Krasnodar, 28 November – Yug Times. Our today’s interviewee is Vladimir Andreyev, head of the Krasnodar regional police department.
Q.: How many crimes have been recorded this year in the region?
A.: Since the beginning of the year, we have recorded over 54,000 crimes. What has reduced is the number of impingements on the lives and health of citizens, and the number of crimes against personal and property security – murders, willful grievous bodily harms, robberies, home burglaries and car thefts. During the past few years, the so-called remote frauds have been the most widely spread crimes.

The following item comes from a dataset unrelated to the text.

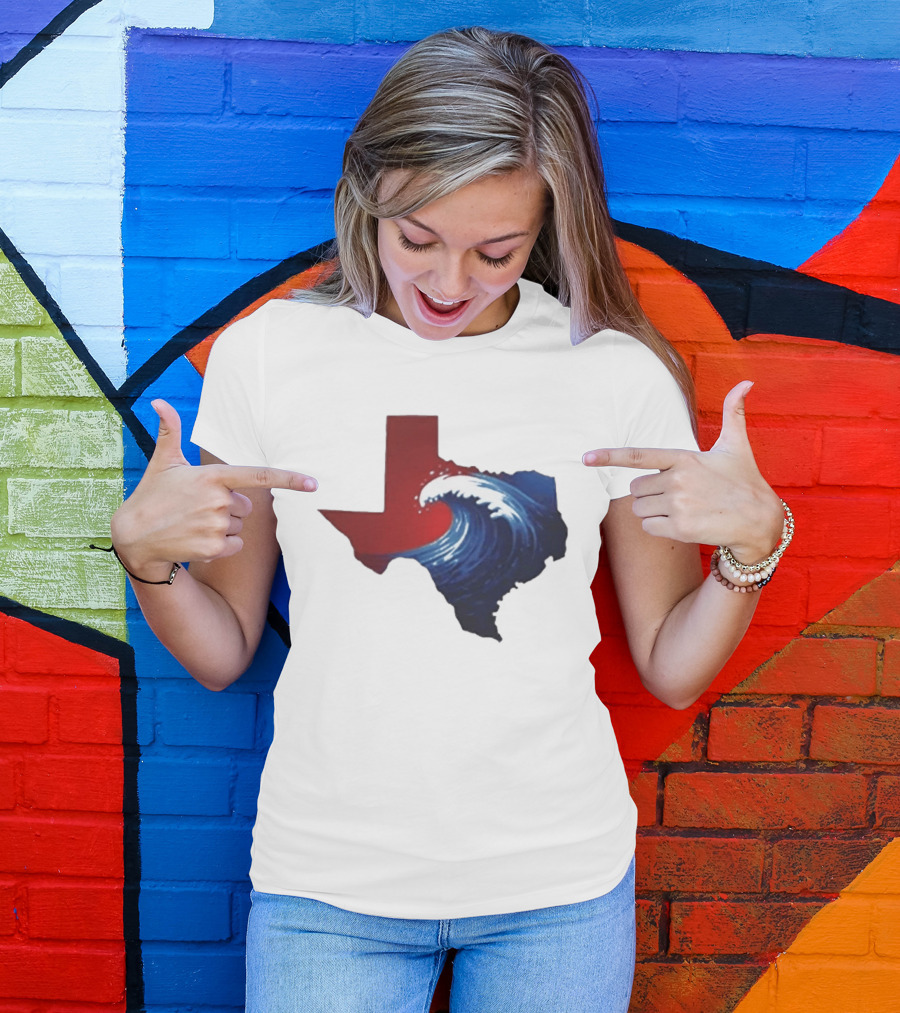 Texas Blue Wave Democrat Red State Map Wave Banner T-Shirt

Since the beginning of 2019, over 5,500 frauds connected with the use of Internet, mobile communications and credit cards have been registered.
Q.: Is there such a phenomenon as ‘seasonal crimes’?

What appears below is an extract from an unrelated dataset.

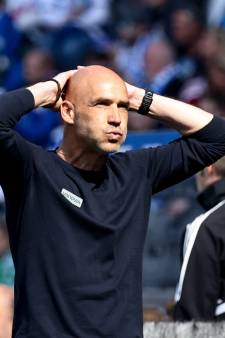 Stunt Thomas Letsch in Duitsland: ex-trainer Vitesse zorgt voor handhaving Bochum in Bundesliga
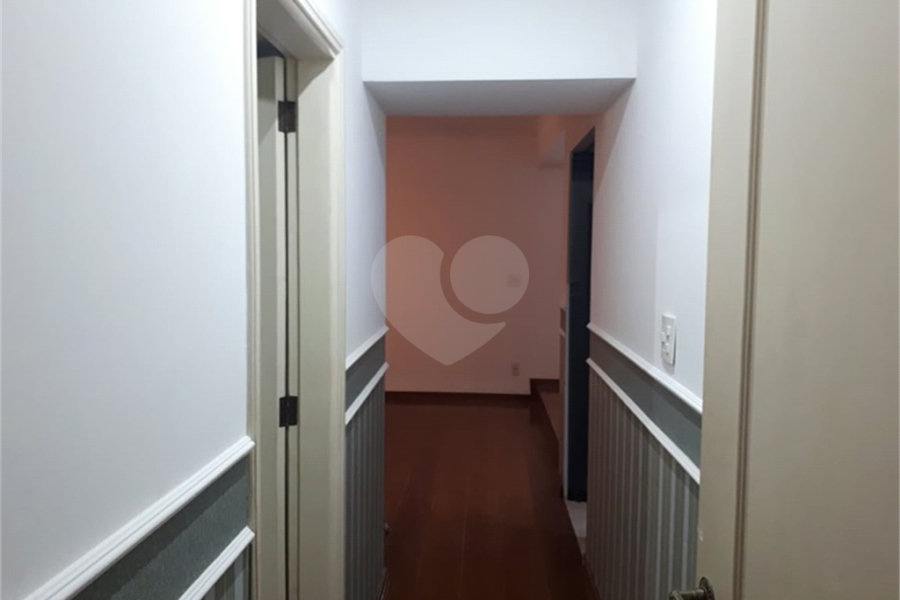 Sobrado à venda com 5 quartos, sendo 3 suítes, em Tremembé, São Paulo, SP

A.: Of course, during the summer season pecuniary crimes stir big alarm. I am confident that prevention activities should be of great importance in this sphere.
Q.: Does the so-called ‘children’s’ law work in reality?
A.: Let’s have a look at the statistics: in 2008, 47,000 underage transgressors were detained; for nine months of this year, the figure is fewer than 10,000 – so there is direct evidence of reduction in numbers. During the years of the ‘children’s’ law, the total numberof crimes committed by teenagers has more than halved – from 2,300 in 2008 down to 990 in 2018. The number of wrongdoings committed by underage persons at night in public places has also reduced by 20%.
Q.: What is the situation with filling up the positions of district police officers?
A.: At the local level, the staff is filled up nearly by 90%. Today, there are 1,850 district police officers in the region, of whom about 1,000 serve in rural localities. The average age of our district police officer is 25 to 30 years. Two thirds of them have served for less than three years. The practice shows that upon graduating the police schools, young lieutenants are usually not fully prepared to settle the conflicts arising among citizens due to the lack of experience and professional skills. This fact results in shortages in manning the position.
Q.: How do the police fight for the purity of their ranks?
A.: Each appointment must be approved by our Professional Standards Division. This year, they have performed over 9,000 approvals of various posts. Besides, our HR Department has performed 285 inspections of claimed violations of anticorruption law. Two hundred and twenty-five officers have been brought to disciplinary responsibility, of whom seven were discharged for loss of trust.